I write to organize my thoughts and sometimes that writing is useful to others and then I publish it. But that's more like 1:50 or so these days, most of the stuff I do I'm pretty sure nobody would be interested in. Last week's project: to recreate an old Romanian kitchen implement. I highly doubt anybody would be interested in something like that.


I’d be interested, should you ever decide to post that content!


Hah, serves me right :) It's a wooden mallet/knife combo that is used to mash eggplant, nothing special really but you can't just go out and buy them here. So I chopped one out of a piece of acacia wood and then endless sanding to get it to as close as the original as I could.

This the real thing:

https://www.dedeman.ro/ro/tocator-pentru-vinete-lemn-euro-sa...

And here is my clone:

https://imgur.com/a/ikAXbyB

If you want an SVG for the outline let me know (mail in profile).

That's four hours of work, most of it spent on sanding, Acacia is pretty hard.

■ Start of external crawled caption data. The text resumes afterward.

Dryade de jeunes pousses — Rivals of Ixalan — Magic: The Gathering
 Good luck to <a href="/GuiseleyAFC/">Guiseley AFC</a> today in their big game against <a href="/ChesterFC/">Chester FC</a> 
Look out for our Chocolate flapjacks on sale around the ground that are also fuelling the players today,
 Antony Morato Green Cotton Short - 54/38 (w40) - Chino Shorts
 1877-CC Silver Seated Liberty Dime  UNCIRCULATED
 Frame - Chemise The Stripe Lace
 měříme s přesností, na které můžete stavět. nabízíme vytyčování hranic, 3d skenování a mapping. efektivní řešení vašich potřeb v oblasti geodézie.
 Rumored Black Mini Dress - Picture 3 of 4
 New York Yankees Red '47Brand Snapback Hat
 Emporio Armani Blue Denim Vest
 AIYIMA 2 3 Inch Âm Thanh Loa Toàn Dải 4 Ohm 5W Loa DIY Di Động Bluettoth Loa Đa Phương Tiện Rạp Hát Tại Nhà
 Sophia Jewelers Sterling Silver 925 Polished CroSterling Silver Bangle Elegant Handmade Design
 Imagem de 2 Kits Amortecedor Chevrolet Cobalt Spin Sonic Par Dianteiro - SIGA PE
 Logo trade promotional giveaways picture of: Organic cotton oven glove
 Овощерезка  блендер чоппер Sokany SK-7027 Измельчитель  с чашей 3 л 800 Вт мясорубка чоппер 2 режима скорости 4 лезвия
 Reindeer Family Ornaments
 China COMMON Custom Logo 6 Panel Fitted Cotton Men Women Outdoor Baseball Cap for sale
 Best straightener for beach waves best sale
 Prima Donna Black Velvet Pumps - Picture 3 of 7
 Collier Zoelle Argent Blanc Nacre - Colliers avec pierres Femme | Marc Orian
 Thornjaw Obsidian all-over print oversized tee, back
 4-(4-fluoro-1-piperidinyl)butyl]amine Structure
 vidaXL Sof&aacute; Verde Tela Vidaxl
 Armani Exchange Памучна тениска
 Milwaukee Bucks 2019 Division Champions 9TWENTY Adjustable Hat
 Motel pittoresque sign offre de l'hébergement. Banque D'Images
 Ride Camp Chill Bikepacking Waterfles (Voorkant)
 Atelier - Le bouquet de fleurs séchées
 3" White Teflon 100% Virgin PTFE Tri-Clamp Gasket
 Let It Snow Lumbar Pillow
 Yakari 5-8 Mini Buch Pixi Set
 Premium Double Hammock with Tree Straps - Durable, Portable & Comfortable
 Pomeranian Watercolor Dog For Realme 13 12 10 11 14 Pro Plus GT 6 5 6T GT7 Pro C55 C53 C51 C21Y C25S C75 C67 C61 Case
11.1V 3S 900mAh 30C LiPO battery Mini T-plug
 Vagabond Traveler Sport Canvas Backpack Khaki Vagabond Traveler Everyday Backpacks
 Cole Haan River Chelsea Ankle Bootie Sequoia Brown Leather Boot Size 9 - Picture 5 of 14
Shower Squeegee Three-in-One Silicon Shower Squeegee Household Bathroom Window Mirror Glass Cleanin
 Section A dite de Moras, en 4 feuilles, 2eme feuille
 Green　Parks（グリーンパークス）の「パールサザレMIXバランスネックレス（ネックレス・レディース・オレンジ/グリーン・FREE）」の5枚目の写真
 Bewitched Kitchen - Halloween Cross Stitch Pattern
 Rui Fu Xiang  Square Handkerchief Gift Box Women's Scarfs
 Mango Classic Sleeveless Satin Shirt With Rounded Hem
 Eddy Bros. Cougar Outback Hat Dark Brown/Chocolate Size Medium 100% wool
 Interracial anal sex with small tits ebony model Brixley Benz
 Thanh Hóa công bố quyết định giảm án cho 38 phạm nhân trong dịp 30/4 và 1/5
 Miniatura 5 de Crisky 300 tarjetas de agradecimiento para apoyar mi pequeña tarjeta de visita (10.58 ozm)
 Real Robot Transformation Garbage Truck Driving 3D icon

I bet there are 7 subreddits focused on topics that embrace old Romanian kitchen implements.


I did put effort into that - I built an RSS feed for my site. In fact, if you use a well-behaved reader with partial fetching, I'll even include the full text of each article.


Why? My most enjoyable project doesn't have any tracking at all, I don't know if it has just 1 (me) user, 1,000 or a million. Every other week or so I get some confirmation that people actually use it and it always is a pleasant surprise, so much more worthwhile than just to see a number go up.

Maybe there is a businessmodel to be made with a platform that shows engagement metrics but they're not the real thing, just a bunch of counters that are incremented regardless of actual use. That way you get to feel good...


I read it was takin' the piss / sarcasm.


The person writes for a living, so having analytics is necessary. Subscribers are the most direct possible audience for a book, which is usually part of how writers support themselves.